FAST TRANSIENTSTHE TACTICAL TANGENTS BULLETIN
The moral of this illustration is that when we work closely with others the best way we find synergy—a combined effect that is greater than the sum of the parts—is to anticipate each other’s needs. Many of those needs are communicated implicitly. I’ve learned by watching and listening. We have a routine. I know what he wants. He knows, that I know, what to do. We trust each other.
A similar thing happens on my SWAT team—when we clear a house, and my partner looks into one corner of a room, I look in another corner. All I need is to see a shift in their helmet to know which way they’re going, and I react instinctively because I can predict—and trust—that they have their side of the room covered.
In situations that a military or public safety member would begin to describe with the word “Cluster,” one of the themes that will often be discussed in the after-action is a lack of communication. It’s sometimes difficult to relay what we see, with a detailed course of action, in situations that are time-sensitive with competing priorities and conflicting information. Fog-and-Friction, right?

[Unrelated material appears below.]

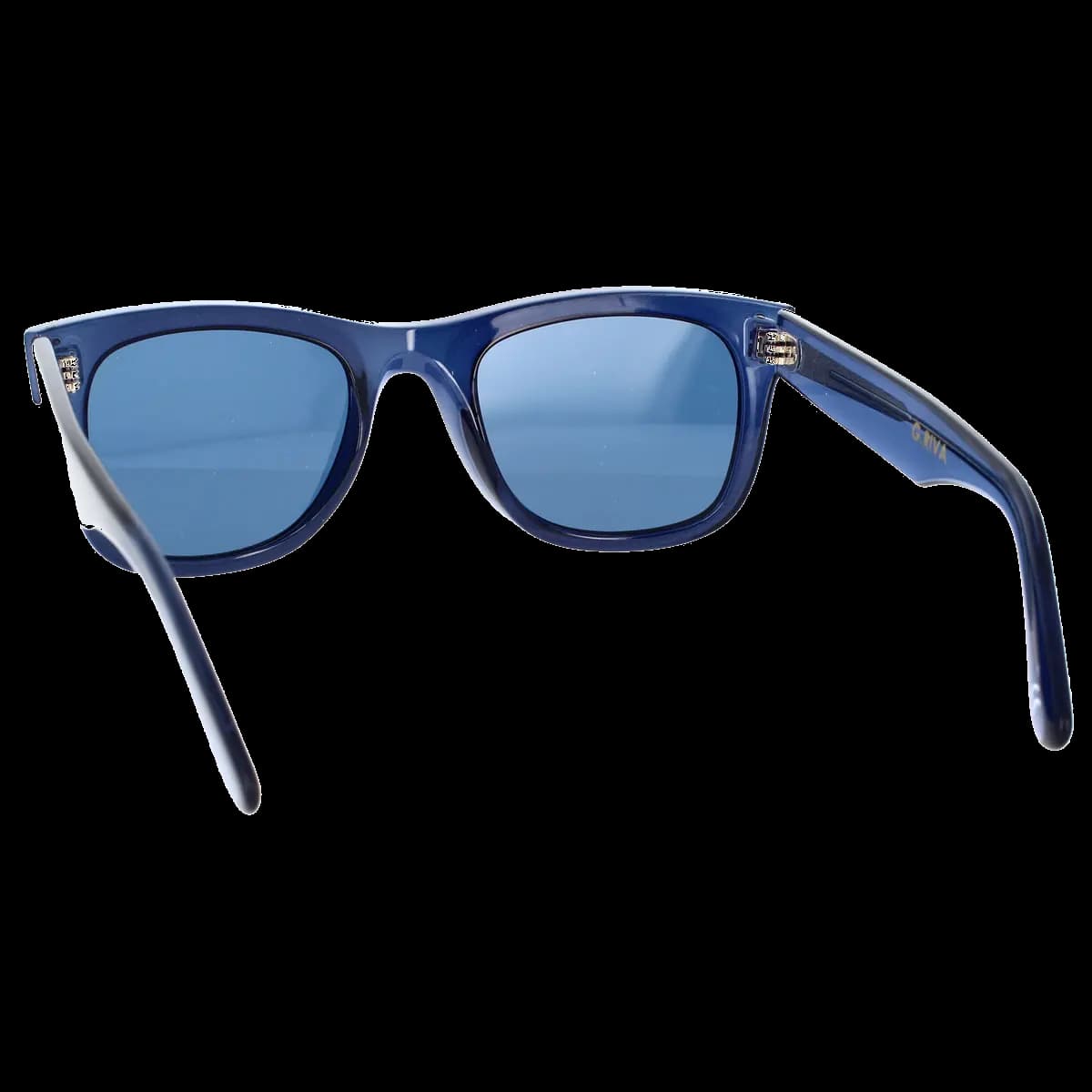 product-R0502SC550-3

Many management or command-and-control structures spend a lot of time dealing with internal interactions: We explain what we want done, and how, with approval from the top of the organization down. A better approach is to look outward, in an operational environment where individuals at all levels are exposed to a variety of situations (like my partners and I have been, in both examples above), so that we can create similar mental images or impressions through shared experience. The bonds of implicit communication and trust that evolve as a result help us anticipate each other’s needs and ensure that our actions will serve the common purpose.
To get there, we need room to grow. The secret in such a system lies not in what is over-communicated, but from the implicit bonds and similar mental impressions we gain from experience. Without them, we magnify fog and friction, and the system comes unglued.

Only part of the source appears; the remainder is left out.